> _How to complete this task_: In the entries, find all lines that hold the word "into" and copy them.

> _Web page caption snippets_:

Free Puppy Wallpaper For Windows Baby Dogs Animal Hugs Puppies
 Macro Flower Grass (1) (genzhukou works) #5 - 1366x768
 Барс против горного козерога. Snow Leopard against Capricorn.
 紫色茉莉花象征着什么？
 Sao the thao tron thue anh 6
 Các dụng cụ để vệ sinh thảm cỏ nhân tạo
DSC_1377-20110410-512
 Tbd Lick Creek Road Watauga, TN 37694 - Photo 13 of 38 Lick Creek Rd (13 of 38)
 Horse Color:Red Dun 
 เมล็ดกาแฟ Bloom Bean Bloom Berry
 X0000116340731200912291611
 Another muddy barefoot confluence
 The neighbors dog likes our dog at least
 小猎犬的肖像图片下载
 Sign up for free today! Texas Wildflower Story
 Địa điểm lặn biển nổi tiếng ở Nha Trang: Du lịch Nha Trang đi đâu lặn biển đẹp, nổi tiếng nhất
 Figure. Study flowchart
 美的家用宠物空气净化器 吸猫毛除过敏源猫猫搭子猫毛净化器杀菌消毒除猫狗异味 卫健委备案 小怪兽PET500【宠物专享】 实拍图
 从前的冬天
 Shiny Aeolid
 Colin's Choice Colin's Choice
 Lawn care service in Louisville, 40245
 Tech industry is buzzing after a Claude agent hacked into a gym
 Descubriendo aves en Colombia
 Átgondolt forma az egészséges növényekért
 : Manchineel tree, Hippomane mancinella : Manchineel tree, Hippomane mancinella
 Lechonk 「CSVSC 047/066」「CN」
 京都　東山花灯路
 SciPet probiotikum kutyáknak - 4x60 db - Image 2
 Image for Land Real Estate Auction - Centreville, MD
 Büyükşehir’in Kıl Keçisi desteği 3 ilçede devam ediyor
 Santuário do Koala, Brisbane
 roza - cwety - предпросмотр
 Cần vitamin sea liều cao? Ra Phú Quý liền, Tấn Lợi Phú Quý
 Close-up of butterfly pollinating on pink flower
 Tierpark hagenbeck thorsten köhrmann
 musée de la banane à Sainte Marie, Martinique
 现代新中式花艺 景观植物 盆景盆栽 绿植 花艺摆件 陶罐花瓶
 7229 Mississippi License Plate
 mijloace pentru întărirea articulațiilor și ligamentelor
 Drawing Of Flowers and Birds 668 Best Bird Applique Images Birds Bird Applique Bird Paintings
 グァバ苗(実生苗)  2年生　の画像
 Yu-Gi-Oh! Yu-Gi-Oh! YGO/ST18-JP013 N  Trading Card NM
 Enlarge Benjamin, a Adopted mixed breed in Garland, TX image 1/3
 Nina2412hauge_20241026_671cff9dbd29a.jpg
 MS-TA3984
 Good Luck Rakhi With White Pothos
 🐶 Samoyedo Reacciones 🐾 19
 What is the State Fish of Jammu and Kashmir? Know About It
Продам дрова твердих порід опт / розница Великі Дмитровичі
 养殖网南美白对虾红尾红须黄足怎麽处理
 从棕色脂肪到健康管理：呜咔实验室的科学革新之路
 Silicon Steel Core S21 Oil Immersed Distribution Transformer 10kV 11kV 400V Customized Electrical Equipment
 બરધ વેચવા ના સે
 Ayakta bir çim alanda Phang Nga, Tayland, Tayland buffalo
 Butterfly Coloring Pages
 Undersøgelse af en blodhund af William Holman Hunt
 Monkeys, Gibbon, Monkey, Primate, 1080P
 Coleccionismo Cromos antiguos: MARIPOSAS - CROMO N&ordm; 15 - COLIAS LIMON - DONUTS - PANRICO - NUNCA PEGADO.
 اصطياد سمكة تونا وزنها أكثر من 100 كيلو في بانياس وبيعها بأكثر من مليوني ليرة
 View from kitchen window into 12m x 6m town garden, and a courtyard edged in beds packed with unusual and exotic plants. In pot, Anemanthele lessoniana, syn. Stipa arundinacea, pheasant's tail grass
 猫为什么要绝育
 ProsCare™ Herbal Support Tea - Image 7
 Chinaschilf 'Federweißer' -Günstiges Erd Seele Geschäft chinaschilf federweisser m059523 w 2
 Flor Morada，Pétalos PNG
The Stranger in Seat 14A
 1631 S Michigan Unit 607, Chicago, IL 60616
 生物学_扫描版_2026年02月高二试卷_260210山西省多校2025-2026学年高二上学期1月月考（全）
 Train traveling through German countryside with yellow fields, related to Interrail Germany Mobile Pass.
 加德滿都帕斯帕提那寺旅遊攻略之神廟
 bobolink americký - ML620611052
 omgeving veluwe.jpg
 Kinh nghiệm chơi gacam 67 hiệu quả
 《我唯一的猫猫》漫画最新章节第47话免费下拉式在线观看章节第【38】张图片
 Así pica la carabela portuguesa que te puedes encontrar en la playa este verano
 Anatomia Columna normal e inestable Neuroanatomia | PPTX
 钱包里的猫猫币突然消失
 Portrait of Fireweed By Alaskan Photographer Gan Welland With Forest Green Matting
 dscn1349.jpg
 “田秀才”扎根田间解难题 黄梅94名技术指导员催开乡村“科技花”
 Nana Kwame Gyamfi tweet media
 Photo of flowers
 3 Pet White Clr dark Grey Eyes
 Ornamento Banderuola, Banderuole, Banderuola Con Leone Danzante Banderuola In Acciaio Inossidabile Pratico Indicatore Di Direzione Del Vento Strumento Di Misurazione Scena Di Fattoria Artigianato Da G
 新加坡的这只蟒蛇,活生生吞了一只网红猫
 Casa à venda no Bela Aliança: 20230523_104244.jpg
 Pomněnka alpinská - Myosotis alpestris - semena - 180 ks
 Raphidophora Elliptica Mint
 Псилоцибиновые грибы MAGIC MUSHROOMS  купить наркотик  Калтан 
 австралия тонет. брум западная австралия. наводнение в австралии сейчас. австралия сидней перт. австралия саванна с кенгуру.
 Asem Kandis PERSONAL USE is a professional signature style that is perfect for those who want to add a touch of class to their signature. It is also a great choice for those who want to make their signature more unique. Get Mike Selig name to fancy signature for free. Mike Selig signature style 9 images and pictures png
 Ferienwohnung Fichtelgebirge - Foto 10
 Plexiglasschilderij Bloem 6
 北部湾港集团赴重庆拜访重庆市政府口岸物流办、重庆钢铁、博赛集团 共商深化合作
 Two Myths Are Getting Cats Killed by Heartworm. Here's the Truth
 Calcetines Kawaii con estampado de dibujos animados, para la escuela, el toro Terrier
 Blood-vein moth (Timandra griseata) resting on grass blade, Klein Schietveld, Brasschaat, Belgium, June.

> _Solved exercise_:
 Tech industry is buzzing after a Claude agent hacked into a gym
 View from kitchen window into 12m x 6m town garden, and a courtyard edged in beds packed with unusual and exotic plants. In pot, Anemanthele lessoniana, syn. Stipa arundinacea, pheasant's tail grass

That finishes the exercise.